▶ [TASK]: What is needed is every line of the data that includes the word "Breathable". Please copy each one.

-- Opening Marker --

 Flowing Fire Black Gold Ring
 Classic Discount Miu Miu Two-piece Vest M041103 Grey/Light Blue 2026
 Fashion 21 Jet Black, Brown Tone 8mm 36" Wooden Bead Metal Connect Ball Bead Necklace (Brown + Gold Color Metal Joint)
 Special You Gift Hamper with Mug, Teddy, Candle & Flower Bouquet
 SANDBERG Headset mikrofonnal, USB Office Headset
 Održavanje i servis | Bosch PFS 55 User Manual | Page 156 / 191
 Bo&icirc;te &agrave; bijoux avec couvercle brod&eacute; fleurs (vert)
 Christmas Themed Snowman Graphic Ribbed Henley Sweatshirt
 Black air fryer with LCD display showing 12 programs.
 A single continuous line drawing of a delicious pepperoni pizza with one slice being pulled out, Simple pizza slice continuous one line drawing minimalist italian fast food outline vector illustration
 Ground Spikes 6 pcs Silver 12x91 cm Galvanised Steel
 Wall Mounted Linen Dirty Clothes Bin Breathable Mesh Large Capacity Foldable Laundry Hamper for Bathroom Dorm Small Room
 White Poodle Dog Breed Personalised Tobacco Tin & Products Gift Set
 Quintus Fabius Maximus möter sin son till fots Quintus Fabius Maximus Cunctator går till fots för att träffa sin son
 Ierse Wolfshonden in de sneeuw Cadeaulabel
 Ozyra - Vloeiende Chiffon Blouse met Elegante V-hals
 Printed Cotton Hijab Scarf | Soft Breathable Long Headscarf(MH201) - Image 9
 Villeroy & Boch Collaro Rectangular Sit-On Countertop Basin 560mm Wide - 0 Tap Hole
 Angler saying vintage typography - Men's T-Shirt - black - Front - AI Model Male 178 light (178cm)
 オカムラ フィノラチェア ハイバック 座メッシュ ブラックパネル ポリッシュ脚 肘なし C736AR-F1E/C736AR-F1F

-- Closing Marker --

▶ [EXERCISE RESPONSE]:
 Wall Mounted Linen Dirty Clothes Bin Breathable Mesh Large Capacity Foldable Laundry Hamper for Bathroom Dorm Small Room
 Printed Cotton Hijab Scarf | Soft Breathable Long Headscarf(MH201) - Image 9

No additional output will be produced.